It is my life day today.
At 9.30am on the 5th October 2021 it was exactly 3 years since my accident. Its strange to think that 3 years ago I walked out of the house to everything being normal, apart from the fact it was warm in October which isn't normal at all. Less then an hour later I was on the floor unable to move. No loss of blood, no loss of consciousness but a permanent change and the biggest change in my life to date.
It's a strange feeling when this day comes around. More of a birthday celebration then a funeral commiseration. Another anniversary that you feel you should acknowledge every year but loses its appeal as life goes on.
The first year I went to the pub. The same pub I had planned to go to on the day of the accident, meeting the same person I was meant to have seen that afternoon. It was poetic, closing the circle 12 months later.

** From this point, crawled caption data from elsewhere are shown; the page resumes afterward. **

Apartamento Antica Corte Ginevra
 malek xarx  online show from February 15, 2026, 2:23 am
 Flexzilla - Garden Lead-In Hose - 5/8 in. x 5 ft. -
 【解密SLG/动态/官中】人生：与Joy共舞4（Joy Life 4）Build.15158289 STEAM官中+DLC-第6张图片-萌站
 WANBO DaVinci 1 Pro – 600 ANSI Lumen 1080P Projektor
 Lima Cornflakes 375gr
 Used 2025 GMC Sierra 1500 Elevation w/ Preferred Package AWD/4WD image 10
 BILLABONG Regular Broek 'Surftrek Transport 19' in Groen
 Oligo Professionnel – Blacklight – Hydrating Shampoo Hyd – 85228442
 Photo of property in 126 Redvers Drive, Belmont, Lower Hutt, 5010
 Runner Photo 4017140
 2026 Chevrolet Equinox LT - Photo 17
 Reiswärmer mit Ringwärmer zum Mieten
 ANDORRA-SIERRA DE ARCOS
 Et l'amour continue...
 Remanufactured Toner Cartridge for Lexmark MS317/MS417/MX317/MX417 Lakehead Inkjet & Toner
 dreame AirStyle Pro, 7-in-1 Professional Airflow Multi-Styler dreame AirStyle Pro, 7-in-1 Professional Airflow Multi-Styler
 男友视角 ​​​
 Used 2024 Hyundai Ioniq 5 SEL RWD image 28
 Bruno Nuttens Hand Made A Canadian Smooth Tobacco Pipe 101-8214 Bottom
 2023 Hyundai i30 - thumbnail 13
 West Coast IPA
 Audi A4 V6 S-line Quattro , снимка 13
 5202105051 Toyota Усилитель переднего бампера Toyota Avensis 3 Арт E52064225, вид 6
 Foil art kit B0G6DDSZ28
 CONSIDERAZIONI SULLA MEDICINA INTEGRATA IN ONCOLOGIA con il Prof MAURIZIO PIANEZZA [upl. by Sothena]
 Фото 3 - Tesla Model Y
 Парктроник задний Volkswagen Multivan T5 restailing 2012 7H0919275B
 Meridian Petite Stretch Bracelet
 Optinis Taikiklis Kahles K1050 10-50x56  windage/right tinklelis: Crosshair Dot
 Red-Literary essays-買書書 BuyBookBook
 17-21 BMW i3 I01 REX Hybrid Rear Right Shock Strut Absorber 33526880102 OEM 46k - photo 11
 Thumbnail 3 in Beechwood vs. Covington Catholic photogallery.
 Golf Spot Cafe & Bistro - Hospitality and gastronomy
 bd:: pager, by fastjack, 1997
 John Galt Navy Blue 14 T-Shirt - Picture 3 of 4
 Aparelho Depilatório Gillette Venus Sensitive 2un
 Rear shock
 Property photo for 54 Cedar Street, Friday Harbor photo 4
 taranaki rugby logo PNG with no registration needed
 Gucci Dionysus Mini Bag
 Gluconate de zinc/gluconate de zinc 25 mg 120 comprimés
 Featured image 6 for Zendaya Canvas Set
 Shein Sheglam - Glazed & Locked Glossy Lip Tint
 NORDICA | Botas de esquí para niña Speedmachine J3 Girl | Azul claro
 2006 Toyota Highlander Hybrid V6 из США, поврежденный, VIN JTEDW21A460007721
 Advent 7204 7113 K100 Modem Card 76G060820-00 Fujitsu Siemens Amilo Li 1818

On the second Life Day the UK was a little lockdowny. I had hoped to have a meal with my whole family but in the end, due to the rule of 6, I spent it with Mrs BWF and my parents. It was subdued and a lovely way to spend it. It rained.
This year I had my hair cut, went to the gym and caught up with work. Not very different from any other day but one Injer-versary constant has remained. Every year I look back and add a new mantra that I've learnt / borrowed / stolen in the last 12 months.
In 2019 it was the realisation that 'happy people focus on what they have and miserable people focus on what they don't.'
In 2020 I learnt that 'if it's important you will make time, if it's not you will make an excuse.'
This year I've added 'Accept change' as it was another year where lots happened that I wasn't expecting, and was out of my control.
It doesn't matter how much you want things to stay the same they never do. I never expected to be a wheelchair user when I was in my twenties but then I never expected to like red wine and olives or use the word "mantra" and here we are. Very few people end up with lives the way they plan, and even if they do, no one takes the journey they expected to get there.
Tomorrow is a new day. Less personally poignant then the 5th October maybe but I look forward to experiencing it all the same.